She was seventeen minutes early.
Zoey had done the math on the subway, the way she did math on everything that mattered quietly, with her hands folded and her face neutral, because Baltimore had taught her that preparation was the only form of luck you could manufacture. Too early said nervous. On time said forgettable. Seventeen minutes early said: I already know where the bathrooms are on this floor and I memorized your last quarterly statement on the Q train.
She needed every edge she could get today.
Not because the job scared her. Because she’d spent Friday night in this man’s hotel suite and Saturday morning writing him a note she’d folded and left on his pillow like an i***t, and now she was going to walk onto his executive floor and smile and be flawless, and the only way to do that was to have shown up seventeen minutes before he had a chance to see her flinch.
The lobby swallowed her whole. Sixty-two floors of pale glass and the kind of silence that meant money; the thick, pressurized hush of serious decisions made behind closed doors. She gave her name at security. Got her badge. Found the elevator.
Forty-first floor. The doors opened.
A woman about forty-five, neat blazer, the expression of someone eight days from parole, was already waiting.

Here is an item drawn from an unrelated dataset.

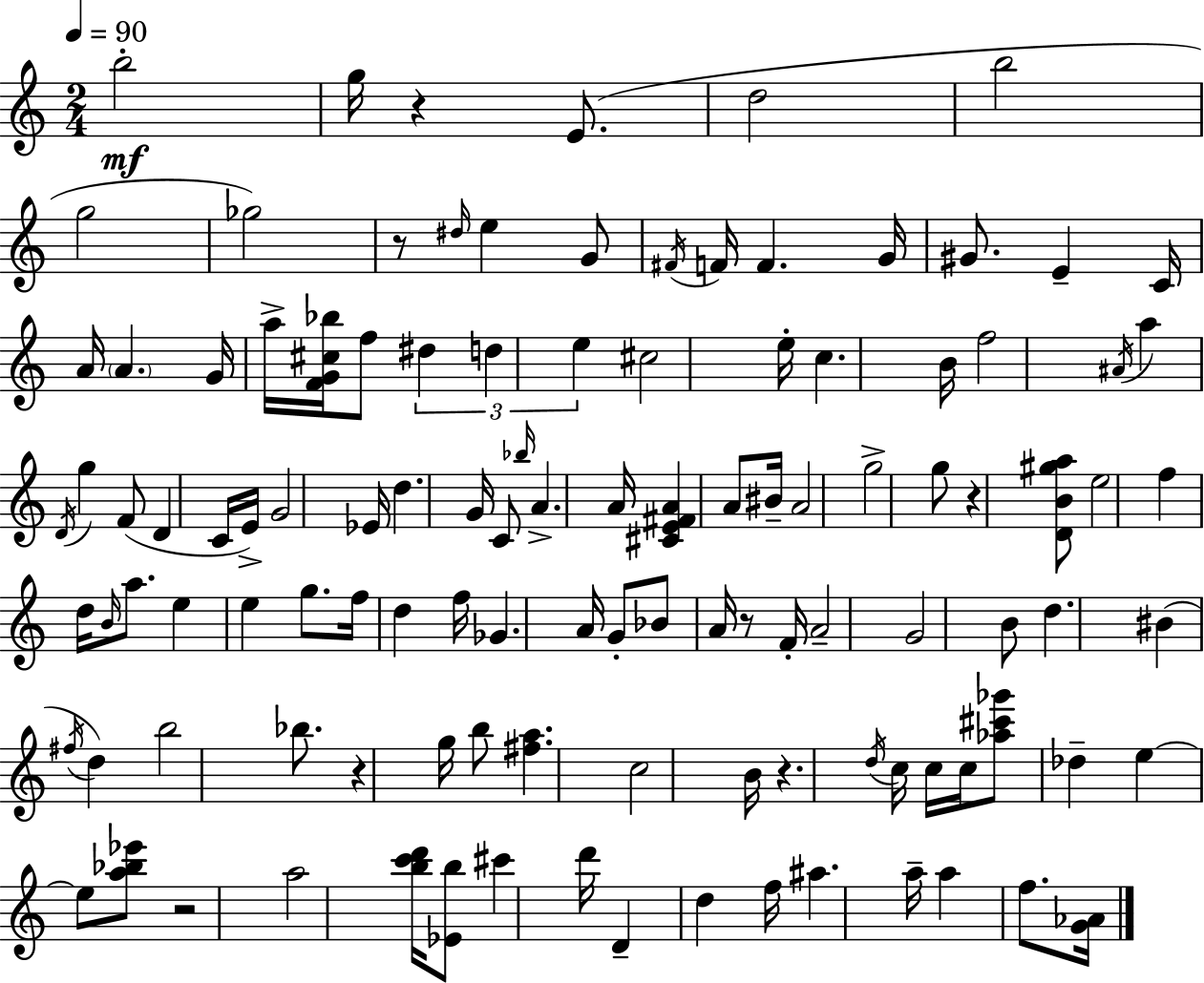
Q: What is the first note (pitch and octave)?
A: B5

“Miss Callahan? I’m Colleen. I’ve got twenty minutes before my handover call, so let’s move.”
Colleen moved.
She covered the role in the rapid, clipped cadence of someone who had learned this job through survival rather than training. Bottom-up memo reading. No calls unless he initiated. He didn’t do small talk. He did do precision , every document, every email, every piece of work he received had to be exactly right or he’d send it back without a word, which somehow landed worse than the word would have.
“What happened to the others?” Zoey asked. “The previous assistants.”

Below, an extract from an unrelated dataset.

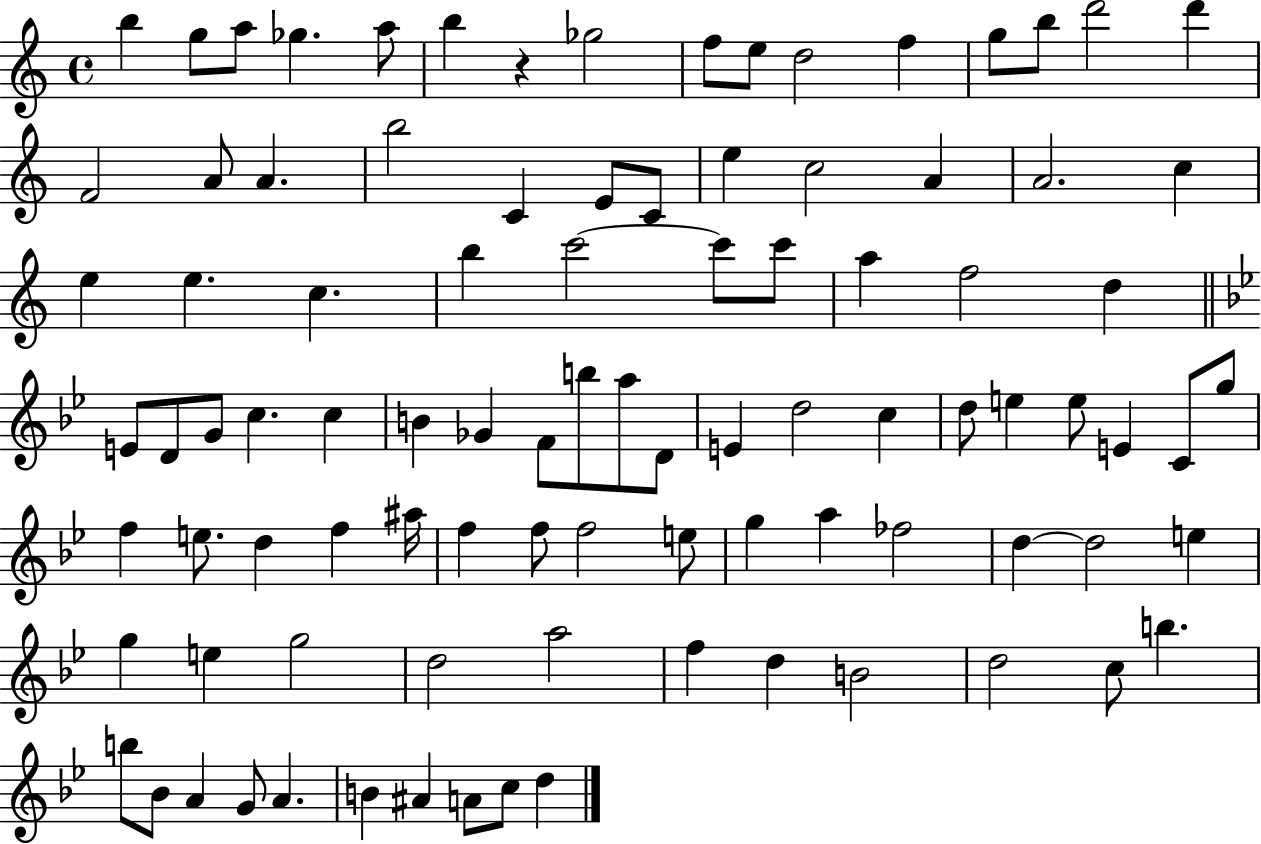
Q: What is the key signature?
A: C major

Colleen paused mid-stride. “Two transferred. One relocated. One left on a Tuesday and I never got the full story.” She resumed walking. “He’s not mean. He’s just...”
“Exacting.”
“Like weather.” Colleen stopped at the station outside the glass office wall and gestured at the setup with the pride of someone handing off a time bomb they’d successfully defused for two years. “You’ll be fine. Probably. The coffee order is in the notes.”
She was gone in four minutes.
Zoey sat down. Powered up the computer. His calendar opened and she began reading it with the focused pleasure she’d always found in a complex operation; all the moving parts, the dependencies, the places where something could go wrong if no one was paying attention. She was good at paying attention. Nine months of being broke and rebuilding from scratch had not touched that.

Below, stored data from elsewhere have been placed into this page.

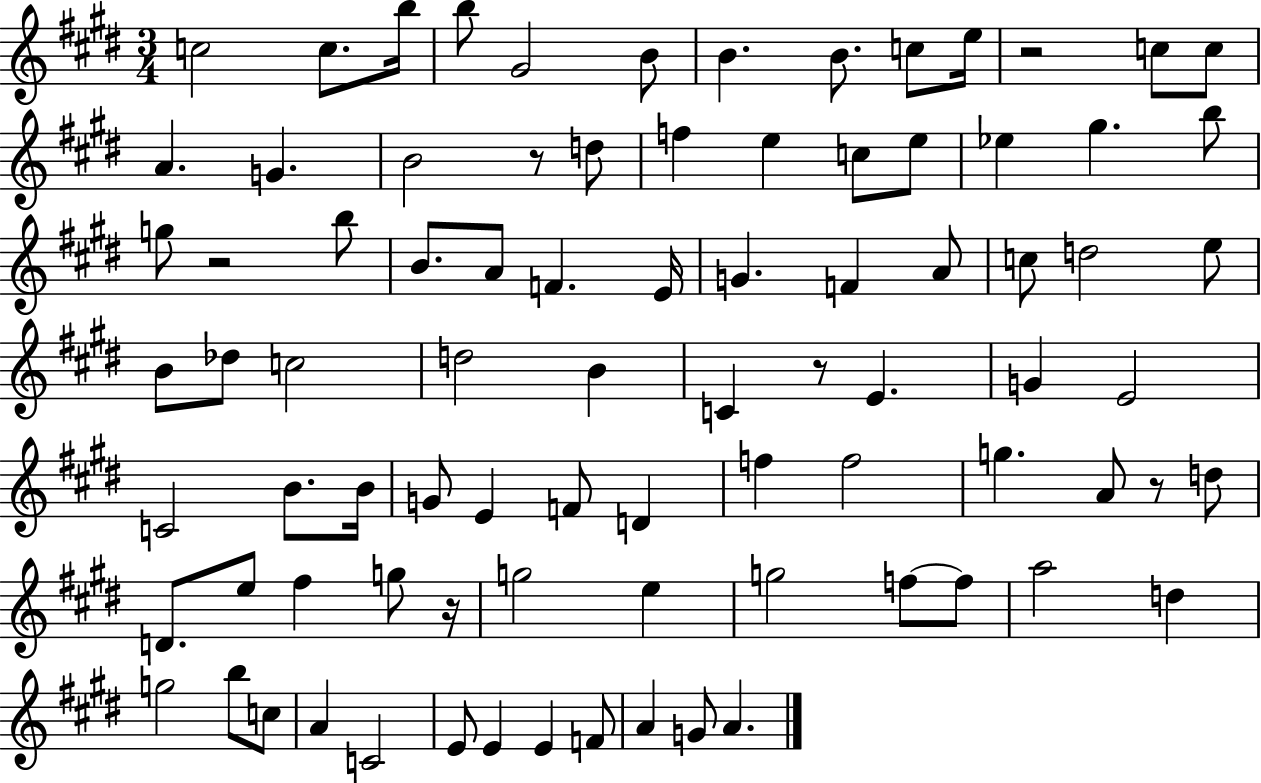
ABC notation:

X:1
T:Untitled
M:3/4
L:1/4
K:E
c2 c/2 b/4 b/2 ^G2 B/2 B B/2 c/2 e/4 z2 c/2 c/2 A G B2 z/2 d/2 f e c/2 e/2 _e ^g b/2 g/2 z2 b/2 B/2 A/2 F E/4 G F A/2 c/2 d2 e/2 B/2 _d/2 c2 d2 B C z/2 E G E2 C2 B/2 B/4 G/2 E F/2 D f f2 g A/2 z/2 d/2 D/2 e/2 ^f g/2 z/4 g2 e g2 f/2 f/2 a2 d g2 b/2 c/2 A C2 E/2 E E F/2 A G/2 A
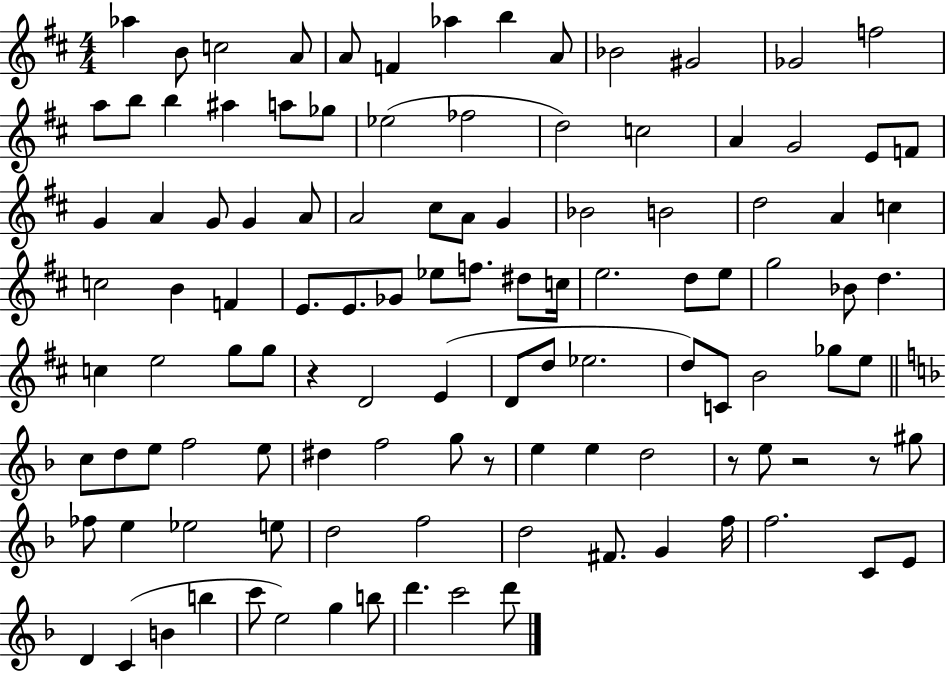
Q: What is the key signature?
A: D major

She did not look at the glass office door.
She looked at it a little.
She looked at it exactly the amount a professional person would glance at a closed door while settling in, which was twice, briefly, and not at all like she was bracing.
The door opened.
She felt the change in air pressure. That was all she had time for before she looked up.
Her hands went flat on the desk.
The jaw. The grey eyes. That stillness; the deliberate, load-bearing stillness of a man who had learned to take up exactly the space he needed and no more. The same hands that had been careful with her in the dark of a fourteenth-floor suite sixty hours ago, now holding a folder, professional, immaculate, completely composed.
Dex.
Declan Ashford.
The same person.
The floor dropped out from under her. Not metaphorically; physically, a lurch in her stomach like a missed step in the dark, the exact sensation of trusting solid ground and finding air. She’d looked him up. She’d looked at photographs on Saturday and not made the connection because photographs didn’t show you the way someone said his dead brother’s name like a word kept in a locked room, and they didn’t show you the way his hands moved when he was being careful, and they did not...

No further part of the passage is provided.